Is a constant transformation still considered a gauge transformation?

Question

I've never even considered the possibility that a constant transformation would not qualify as a gauge transformation. But I'm reading a paper that seems to make exactly this distinction. In particular, the title of the paper itself begins with "Gauge Invariant". But their results clearly change under any Poincaré transformation (or more generally any BMS transformation). They even acknowledge this at one point deep in the paper. The context is gravitational radiation on $\mathscr{I}^+$.

Now, they have eliminated a more dynamical form of gauge invariance, which can vary from point to point. But I would say that at least somewhere early on in the paper, they should clarify that the "Gauge Invariant" they use in the title and throughout the paper only refers to those parts of the gauge freedom. In my opinion, an unqualified "gauge invariant" necessarily refers to all possible gauge transformations.

Am I being over-precise? Would most people normally understand that "gauge invariant" excludes constant gauge transformations?

Answer 1

There are such things are large gauge transformations, which I think are related to your question. For example, consider general relativity where the gauge invariance is diffeomorphism invariance. Typically gauge transformations are considered that leave the boundary invariant, but there are also large gauge transformations that for example rescale the boundary metric.
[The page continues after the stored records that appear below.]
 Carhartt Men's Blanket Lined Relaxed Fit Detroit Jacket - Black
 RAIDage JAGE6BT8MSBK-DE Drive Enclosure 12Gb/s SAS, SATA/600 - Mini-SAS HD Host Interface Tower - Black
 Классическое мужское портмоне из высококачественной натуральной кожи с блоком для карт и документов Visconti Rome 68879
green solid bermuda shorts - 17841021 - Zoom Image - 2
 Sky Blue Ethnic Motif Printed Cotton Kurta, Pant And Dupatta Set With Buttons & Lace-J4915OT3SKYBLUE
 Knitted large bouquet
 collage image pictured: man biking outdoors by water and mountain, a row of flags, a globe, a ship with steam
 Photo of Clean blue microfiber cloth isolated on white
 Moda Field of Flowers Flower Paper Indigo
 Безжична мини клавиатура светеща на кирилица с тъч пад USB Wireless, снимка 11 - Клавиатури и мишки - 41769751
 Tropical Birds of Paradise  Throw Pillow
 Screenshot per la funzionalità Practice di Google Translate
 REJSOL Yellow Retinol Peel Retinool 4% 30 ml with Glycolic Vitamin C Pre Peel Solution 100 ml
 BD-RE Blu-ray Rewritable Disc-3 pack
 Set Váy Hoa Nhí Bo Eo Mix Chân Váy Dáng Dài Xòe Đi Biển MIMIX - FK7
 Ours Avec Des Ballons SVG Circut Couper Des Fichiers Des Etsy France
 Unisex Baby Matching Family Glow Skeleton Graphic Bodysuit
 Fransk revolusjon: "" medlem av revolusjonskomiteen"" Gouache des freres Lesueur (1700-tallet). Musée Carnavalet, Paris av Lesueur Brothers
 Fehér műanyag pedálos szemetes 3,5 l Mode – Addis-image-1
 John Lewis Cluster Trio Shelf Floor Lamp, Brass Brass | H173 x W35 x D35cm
As an example, $t \rightarrow 2t$ is technically a gauge transformation but it changes the asymptotic value of the metric. Similar statements hold in gauge theories as well.

Large gauge transformations can affect conserved charges, so although these are technically gauge transformations, they are often distinguished from "small" or what we might call ordinary gauge transformations.

Answer 2

In YM theory, you generally don't take the constant transformations to be gauge transformations, since the constant transformations are generated by the charge operator. If the charge operator generated gauge transformations, it would act trivially on all physical states, which would mean that you couldn't have charges.

Answer 3

I can't think of any sane definition of the phrase "gauge transformation" which would exclude a function that is identically equal to some constant $C$, but include a function that is equal to $C$ everywhere except for at a tiny region over in the Andromeda galaxy, where it takes on the value $C + \epsilon$ for a tiny shift $\epsilon$. So yes, a constant transformation still counts as a gauge transformation.